Input records —
== Segment start ==

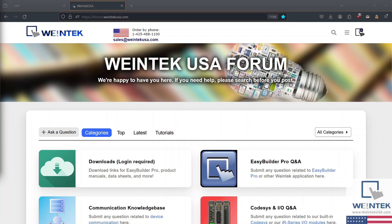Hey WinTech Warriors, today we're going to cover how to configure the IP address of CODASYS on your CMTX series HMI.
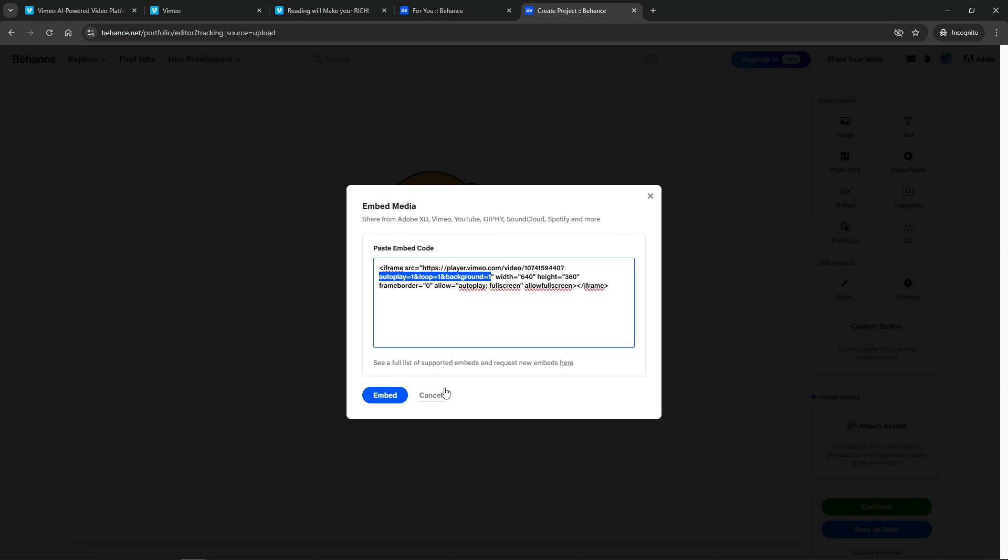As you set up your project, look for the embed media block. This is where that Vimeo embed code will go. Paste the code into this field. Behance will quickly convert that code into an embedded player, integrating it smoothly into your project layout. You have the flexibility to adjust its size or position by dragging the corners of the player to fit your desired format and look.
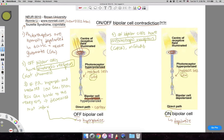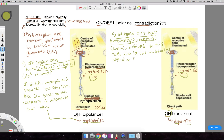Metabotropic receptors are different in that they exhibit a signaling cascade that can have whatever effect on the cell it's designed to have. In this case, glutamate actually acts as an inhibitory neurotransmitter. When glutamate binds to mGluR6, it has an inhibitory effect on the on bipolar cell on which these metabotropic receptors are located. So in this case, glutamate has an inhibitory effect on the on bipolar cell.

== Segment end ==
== Segment start ==

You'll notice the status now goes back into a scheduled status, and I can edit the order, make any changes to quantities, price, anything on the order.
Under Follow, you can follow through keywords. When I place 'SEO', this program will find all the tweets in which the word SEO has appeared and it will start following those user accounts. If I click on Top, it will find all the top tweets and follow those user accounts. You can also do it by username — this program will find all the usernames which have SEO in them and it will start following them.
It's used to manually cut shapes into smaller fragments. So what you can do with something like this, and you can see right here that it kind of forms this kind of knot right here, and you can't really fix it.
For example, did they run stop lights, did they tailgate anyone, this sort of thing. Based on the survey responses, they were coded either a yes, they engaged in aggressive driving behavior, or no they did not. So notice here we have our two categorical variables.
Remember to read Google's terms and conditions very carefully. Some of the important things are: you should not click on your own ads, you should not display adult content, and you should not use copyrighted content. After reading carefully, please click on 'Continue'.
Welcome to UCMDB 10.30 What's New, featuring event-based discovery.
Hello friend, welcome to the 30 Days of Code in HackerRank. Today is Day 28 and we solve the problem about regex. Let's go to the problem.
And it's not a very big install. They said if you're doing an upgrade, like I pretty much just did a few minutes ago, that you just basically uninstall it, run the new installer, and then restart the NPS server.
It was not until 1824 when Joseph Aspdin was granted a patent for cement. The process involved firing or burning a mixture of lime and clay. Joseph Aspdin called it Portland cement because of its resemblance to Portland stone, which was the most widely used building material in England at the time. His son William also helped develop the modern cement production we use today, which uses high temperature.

== Segment end ==

Your objective —
Copy every line of the listing where the word "click" appears.

Finished exercise —
Under Follow, you can follow through keywords. When I place 'SEO', this program will find all the tweets in which the word SEO has appeared and it will start following those user accounts. If I click on Top, it will find all the top tweets and follow those user accounts. You can also do it by username — this program will find all the usernames which have SEO in them and it will start following them.
Remember to read Google's terms and conditions very carefully. Some of the important things are: you should not click on your own ads, you should not display adult content, and you should not use copyrighted content. After reading carefully, please click on 'Continue'.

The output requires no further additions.